10 February 2008

All Jane Austen, all the time

It's no secret that I have had a life-long passion for Jane Austen's novels. It's a love that led me to serious study of her work; I wrote my honours thesis on Persuasion. I re-read at least one of her novels every year. And I happily consume all of the screen adaptations of her novels, be they be good, bad or utterly laughable.

Each of the novels except for Northanger Abbey was adapted for the screen during the 1990s, for the most part with great success. They've had another go-around a decade later, only this time without Emma.

This time, the results haven't been so satisfying. Last year, Britain's ITV network produced a dreadful Mansfield Park and a rather sweet Northanger Abbey, and managed to mangle Persuasion in an appalling way. Great leads (Sally Hawkins and Rupert Penry-Jones, pictured above) and a handsome production, spoilt completely by a ridiculous interpretation of one of the most moving and romantic endings in literature.

(I believe that the ABC will be screening these adaptations in Australia this year. I've already seen them thanks to my fellow Austen-obsessed pal Beth, who purchased the DVDs when she as in England last year.)

So I'm pleased to report that in the last week I've watched a very good new Jane Austen adaptation which has screened recently in the UK, Sense & Sensibility. A BBC production, I bought the DVD online, and saved it to watch with Beth and another JA-devotee last week.

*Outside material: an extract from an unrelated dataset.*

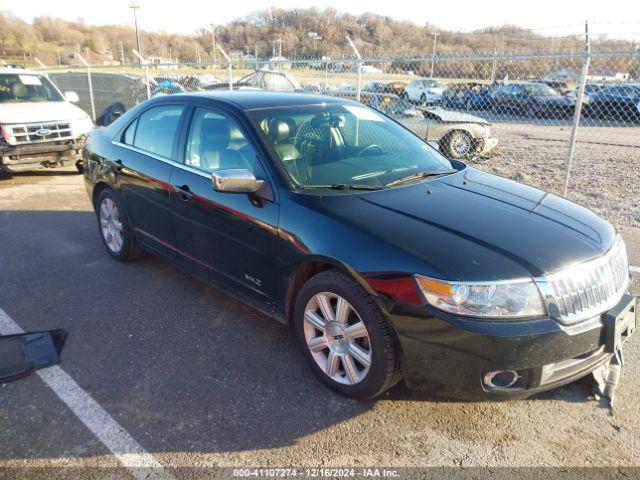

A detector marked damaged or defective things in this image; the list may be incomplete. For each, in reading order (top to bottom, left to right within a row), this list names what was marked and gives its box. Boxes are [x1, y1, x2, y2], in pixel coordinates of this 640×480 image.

damaged front bumper [0, 138, 85, 173]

Adapted by Andrew Davies, this production has the good sense to stay true to the novel, although Davies does manage to throw in his signature wet shirt scene for one of the male leads, as you can see here.

This version manages to do something that previous adaptations of Sense & Sensibility haven't. This Elinor, played by Hattie Morahan, is suitably sensible and controlled, but she is also young (with apologies to the great Emma Thompson), with an air of sensitivity and vulnerabilty. And Edward is finally portrayed as an attractive young man rather than a stuffed shirt, with he and Elinor having real chemisty.

The rest of the cast is good too. Charity Wakefield as Marianne doesn't manage to outshine Kate Winslett's sublime portrayal of the character in Ang Lee's 1995 version, but that's not surprising. While her Marianne is appropriately selfish and strong willed, she's harder to warm to, and I wondered a bit why someone like Colonel Brandon would fall in love with her. I would have liked too for her to look more unwell during her decline, but no matter. Overall, this is still one of the better adaptations of an Austen novel.

Now would someone please make a good adaptation of Mansfield Park?

While Sense & Sensibility doesn't get much of a look-in in the other Austen-related film I've seen this past week, The Jane Austen Book Club, it's interesting that Austen's most complex novel Mansfield Park does. In essence, however, this isn't a film about Austen or even her novels. It's about the bookclub itself, an ensemble of characters whose lives reflect the concerns, but not the plots, of Jane Austen's novels. It does touch on what her novels mean to people though.

I'm glad I liked this film, because I found the novel it was based on intensely annoying. I went to see the film only on the basis of its good reviews. It was an enjoyable way to pass a couple of hours, and it's refreshing to see women in their 40s as romantic leads.

And I can't fault a film with the tagline, "all Jane Austen, all the time"!